By James H. Reinholm

July 1, 2015

This article considers the use of key management and encryption as “embedded”, “stand-alone“, or an “add on” features as they exist for various devices and applications.

How much hardware and/or software is needed for Key Management?

When looking for a possible key management solution for data protection, one should consider the various packaging types that are available with some combination of hardware and/or software. Then the actual functions contained in each solution should be considered, as well as operating costs. Whether the data is in storage, in transit, or in use, the ****key management system may well be the single most important component of a data security solution.

The need for long term data protection

When looking through the following key management types, one should keep in mind that a solution may be needed that can securely protect stored data for a long period of time, where any keys used will have to be maintained for many years. If possible, the keys should be stored in a separate location from the data, and secured during their life-time so that they aren’t tampered with or compromised (resulting in a data breach). This can provide the assurance that when keys are looked up to encrypt data, they will be available whenever and wherever authorized access to data is required.

Key Management in the Application

In this method, a software application that is used on an operating system has embedded key management and encryption functions built into it. One advantage of embedded application key management is that application administrators can also administer key management. Another benefit is that any products that are developed using this method won't have to integrate with a 3rd party key manager, making it far easier to release a product.

When considering embedded key management within an application, the disadvantages and other limitations should also be considered:

• Any keys used within the embedded application are protected with software only. There are no fixed hardware locations designed for key storage as in other key management types.
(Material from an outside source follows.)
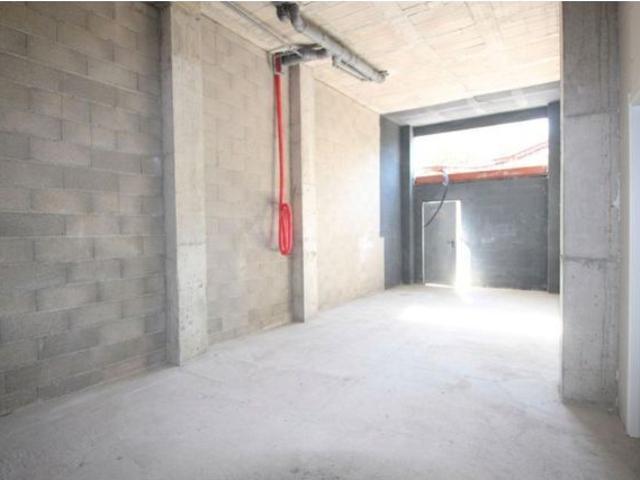 Local Comercial en alquiler en Foners, Palma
This is a problem if keys are to be saved for long periods of time, as the bit strength of the protected keys is much greater than the protection mechanism of those keys (they should be equalized).
• As the number of embedded applications within a system increases, so does the number of key managers (one for each application), making it very difficult to keep track of.
• Difficulties are often encountered is on the server side, as the number of legitimate application users increase on the system. Even though these uses don't have security administrative status or root credentials to the application server, the keys have a greater risk of being tampered with.
• Since the application runs on an operating system, any problems that may develop in the operating system can have a detrimental effect on the application (including the encryption keys). In many cases like this, the application ceases operation until the operating system vendor can provide a fix.
• It should be noted that FIPS crypto module certification above level 1 is not possible for application key management since there are no hardware modules or any type of physical security protecting the keys or encryption. In cases like this the entire application must be certified at once, making it difficult to certify the key management part of it by itself.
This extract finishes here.